Salam hormat dari adik Fanxi, ditulis pada Festival Pertengahan Hantu tahun pertama Jia Jing di Gunung Lu, Jiangxi.”

Surat itu meluncur tanpa suara dari tangannya. Malam Tanpa Tidur berdiri kaku cukup lama, baru perlahan bisa mengendurkan tubuh.

Semua tulisan itu sangat dikenalnya. Bertahun-tahun mendampingi Luo Xiangzhu, surat-menyurat antara Luo Xiangzhu dan Luo Fanxi sering kali ia yang mengambil maupun menuliskannya, jadi ia sudah sangat mengenal tulisan itu.

Apalagi bagian akhir surat yang menyebutkan Gunung Lu di Jiangxi, mengingatkannya pada rumor yang ia dengar di penginapan Zhemei di Pasar Dongshi:

“Ada rombongan dari Gunung Lu di Jiangxi yang membawa kabar duka, katanya Luo Fanxi meninggal karena sakit di puncak tertentu di Gunung Lu pada tanggal sekian; selanjutnya ada lagi...”

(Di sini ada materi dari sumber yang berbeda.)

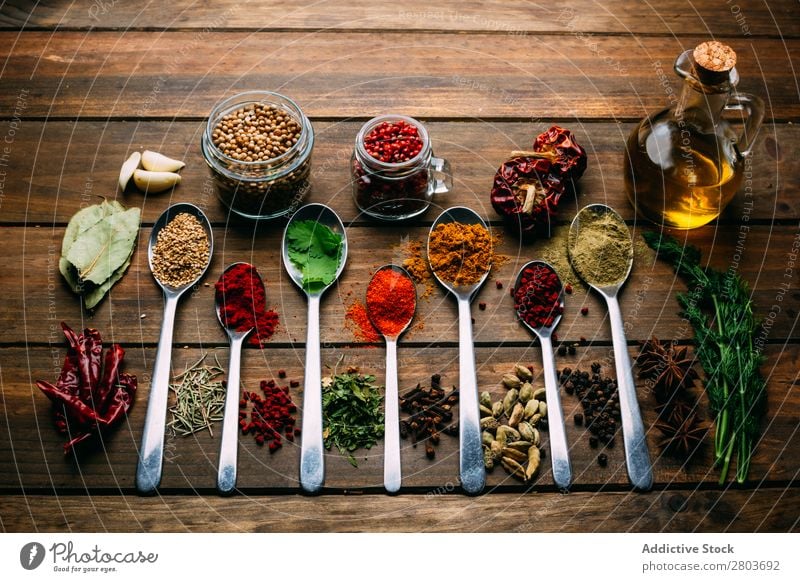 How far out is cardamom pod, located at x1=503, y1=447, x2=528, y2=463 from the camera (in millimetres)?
1772

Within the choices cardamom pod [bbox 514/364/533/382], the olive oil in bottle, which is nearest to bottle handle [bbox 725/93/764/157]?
the olive oil in bottle

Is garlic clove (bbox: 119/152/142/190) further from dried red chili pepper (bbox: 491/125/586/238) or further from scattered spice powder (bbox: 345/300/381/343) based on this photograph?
dried red chili pepper (bbox: 491/125/586/238)

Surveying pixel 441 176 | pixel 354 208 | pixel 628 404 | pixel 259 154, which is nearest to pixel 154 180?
pixel 259 154

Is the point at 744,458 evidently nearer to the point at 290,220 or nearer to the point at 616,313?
the point at 616,313

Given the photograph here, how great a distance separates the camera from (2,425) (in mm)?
1815

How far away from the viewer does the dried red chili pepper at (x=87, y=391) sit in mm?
1776

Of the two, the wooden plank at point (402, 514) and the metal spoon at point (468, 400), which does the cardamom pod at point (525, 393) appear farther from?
the wooden plank at point (402, 514)

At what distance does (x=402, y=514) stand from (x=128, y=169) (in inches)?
49.3

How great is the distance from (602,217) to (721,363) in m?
0.51

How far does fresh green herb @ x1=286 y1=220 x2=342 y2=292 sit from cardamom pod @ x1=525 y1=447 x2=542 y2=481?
704 millimetres

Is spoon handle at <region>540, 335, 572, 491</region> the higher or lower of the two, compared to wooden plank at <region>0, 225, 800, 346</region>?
lower

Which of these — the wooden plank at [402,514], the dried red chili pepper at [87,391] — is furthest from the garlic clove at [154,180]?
the wooden plank at [402,514]

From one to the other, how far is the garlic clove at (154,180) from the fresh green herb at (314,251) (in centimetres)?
38

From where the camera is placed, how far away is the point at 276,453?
5.88 feet
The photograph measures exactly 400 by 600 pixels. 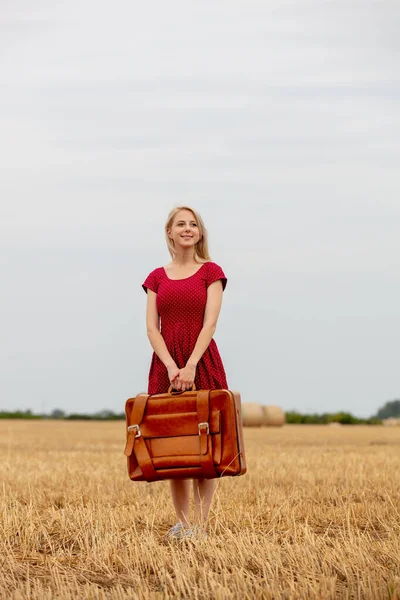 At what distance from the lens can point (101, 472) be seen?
386 inches

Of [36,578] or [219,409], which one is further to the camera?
[219,409]

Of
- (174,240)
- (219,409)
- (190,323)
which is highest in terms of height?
(174,240)

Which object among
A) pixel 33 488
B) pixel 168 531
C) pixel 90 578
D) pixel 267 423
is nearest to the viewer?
pixel 90 578

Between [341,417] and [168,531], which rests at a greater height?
[341,417]

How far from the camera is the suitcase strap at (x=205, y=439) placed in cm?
524

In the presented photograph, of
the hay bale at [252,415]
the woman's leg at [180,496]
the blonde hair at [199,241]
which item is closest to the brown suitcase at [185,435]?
the woman's leg at [180,496]

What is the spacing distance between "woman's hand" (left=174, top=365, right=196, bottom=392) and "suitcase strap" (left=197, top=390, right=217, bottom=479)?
0.20m

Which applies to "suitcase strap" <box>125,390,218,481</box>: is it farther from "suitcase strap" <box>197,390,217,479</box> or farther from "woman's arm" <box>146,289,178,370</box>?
"woman's arm" <box>146,289,178,370</box>

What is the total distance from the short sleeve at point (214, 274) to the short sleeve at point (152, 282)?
0.34 meters

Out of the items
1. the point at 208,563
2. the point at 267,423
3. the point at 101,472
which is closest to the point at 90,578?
the point at 208,563

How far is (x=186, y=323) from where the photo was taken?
18.6 feet

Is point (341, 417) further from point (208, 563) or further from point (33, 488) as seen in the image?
point (208, 563)

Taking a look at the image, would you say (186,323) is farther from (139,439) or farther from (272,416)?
(272,416)

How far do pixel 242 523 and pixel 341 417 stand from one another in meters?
39.5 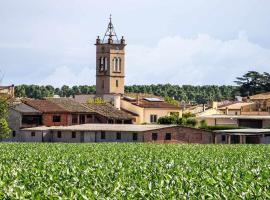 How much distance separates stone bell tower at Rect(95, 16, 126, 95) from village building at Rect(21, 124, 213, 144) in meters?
45.0

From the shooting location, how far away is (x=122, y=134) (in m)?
97.5

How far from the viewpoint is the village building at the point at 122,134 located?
9619cm

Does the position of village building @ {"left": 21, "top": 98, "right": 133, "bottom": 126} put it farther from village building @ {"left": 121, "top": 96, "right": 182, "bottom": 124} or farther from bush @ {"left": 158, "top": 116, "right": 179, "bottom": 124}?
village building @ {"left": 121, "top": 96, "right": 182, "bottom": 124}

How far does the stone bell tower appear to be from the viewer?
146m

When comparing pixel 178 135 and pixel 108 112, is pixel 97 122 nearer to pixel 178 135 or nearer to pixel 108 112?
pixel 108 112

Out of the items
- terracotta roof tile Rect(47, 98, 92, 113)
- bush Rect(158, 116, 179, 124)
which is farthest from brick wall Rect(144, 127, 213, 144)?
→ terracotta roof tile Rect(47, 98, 92, 113)

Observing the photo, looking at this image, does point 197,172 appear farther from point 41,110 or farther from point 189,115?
point 189,115

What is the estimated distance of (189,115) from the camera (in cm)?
12188

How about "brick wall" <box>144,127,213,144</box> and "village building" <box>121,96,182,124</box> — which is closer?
"brick wall" <box>144,127,213,144</box>

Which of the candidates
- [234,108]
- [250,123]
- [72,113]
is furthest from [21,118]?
[234,108]

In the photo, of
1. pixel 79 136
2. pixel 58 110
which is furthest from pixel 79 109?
pixel 79 136

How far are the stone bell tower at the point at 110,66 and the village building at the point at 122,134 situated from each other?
4504cm

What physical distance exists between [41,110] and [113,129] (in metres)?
14.4

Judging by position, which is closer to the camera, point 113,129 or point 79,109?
point 113,129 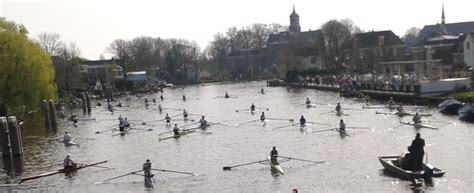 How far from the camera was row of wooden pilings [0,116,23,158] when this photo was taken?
3912 cm

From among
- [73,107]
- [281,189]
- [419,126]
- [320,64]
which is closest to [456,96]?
[419,126]

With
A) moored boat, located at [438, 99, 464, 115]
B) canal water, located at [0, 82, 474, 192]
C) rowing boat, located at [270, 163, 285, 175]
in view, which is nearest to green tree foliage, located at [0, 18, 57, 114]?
canal water, located at [0, 82, 474, 192]

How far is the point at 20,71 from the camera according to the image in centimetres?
5759

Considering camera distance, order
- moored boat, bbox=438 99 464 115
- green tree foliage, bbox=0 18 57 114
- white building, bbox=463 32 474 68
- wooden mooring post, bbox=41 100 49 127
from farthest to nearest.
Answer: white building, bbox=463 32 474 68 < wooden mooring post, bbox=41 100 49 127 < green tree foliage, bbox=0 18 57 114 < moored boat, bbox=438 99 464 115

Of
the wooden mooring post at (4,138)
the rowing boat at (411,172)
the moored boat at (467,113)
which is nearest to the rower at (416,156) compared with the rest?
the rowing boat at (411,172)

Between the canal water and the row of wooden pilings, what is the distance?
0.99m

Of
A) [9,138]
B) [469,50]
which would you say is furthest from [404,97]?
[9,138]

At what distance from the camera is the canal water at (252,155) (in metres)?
27.5

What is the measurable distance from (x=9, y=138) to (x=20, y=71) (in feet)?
63.0

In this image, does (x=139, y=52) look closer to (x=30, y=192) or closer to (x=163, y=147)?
(x=163, y=147)

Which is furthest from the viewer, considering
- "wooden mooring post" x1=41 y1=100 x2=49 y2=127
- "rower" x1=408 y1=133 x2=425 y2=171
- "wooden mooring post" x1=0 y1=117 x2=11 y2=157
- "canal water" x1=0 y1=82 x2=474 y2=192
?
"wooden mooring post" x1=41 y1=100 x2=49 y2=127

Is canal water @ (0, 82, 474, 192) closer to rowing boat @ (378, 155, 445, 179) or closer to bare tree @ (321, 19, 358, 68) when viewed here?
rowing boat @ (378, 155, 445, 179)

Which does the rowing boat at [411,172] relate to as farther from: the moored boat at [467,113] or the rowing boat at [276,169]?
the moored boat at [467,113]

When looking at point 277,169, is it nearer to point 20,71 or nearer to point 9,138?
point 9,138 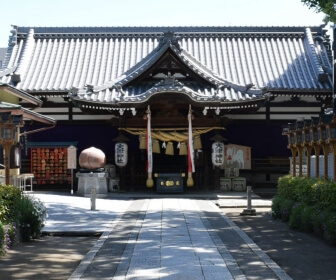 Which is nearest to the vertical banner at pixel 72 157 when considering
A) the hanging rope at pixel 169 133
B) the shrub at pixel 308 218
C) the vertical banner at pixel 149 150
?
the hanging rope at pixel 169 133

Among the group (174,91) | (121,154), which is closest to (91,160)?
(121,154)

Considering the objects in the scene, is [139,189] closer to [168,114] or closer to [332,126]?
[168,114]

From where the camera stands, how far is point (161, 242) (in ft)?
38.8

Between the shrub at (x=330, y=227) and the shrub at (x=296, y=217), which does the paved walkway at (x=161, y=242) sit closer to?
the shrub at (x=296, y=217)

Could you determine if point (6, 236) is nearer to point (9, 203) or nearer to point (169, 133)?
point (9, 203)

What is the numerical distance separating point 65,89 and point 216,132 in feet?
25.6

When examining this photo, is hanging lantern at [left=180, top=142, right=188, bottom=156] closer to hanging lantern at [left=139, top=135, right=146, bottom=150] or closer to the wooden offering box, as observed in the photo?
hanging lantern at [left=139, top=135, right=146, bottom=150]

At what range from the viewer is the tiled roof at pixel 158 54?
26.2 meters

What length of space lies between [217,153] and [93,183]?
5664 millimetres

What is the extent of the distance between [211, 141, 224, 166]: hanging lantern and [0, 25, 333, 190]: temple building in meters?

Jika dilihat dari lokasinya, sepertinya masuk akal.

Ia dan Luo Xiangzhu menerima kabar duka kematian Luo Fanxi pada tanggal lima belas bulan delapan, saat Festival Pertengahan Musim Gugur. Surat ini sendiri ditulis pada tanggal lima belas bulan tujuh, saat Festival Pertengahan Hantu, jadi waktunya pun pas sebelum Festival Musim Gugur, secara waktu juga masuk akal.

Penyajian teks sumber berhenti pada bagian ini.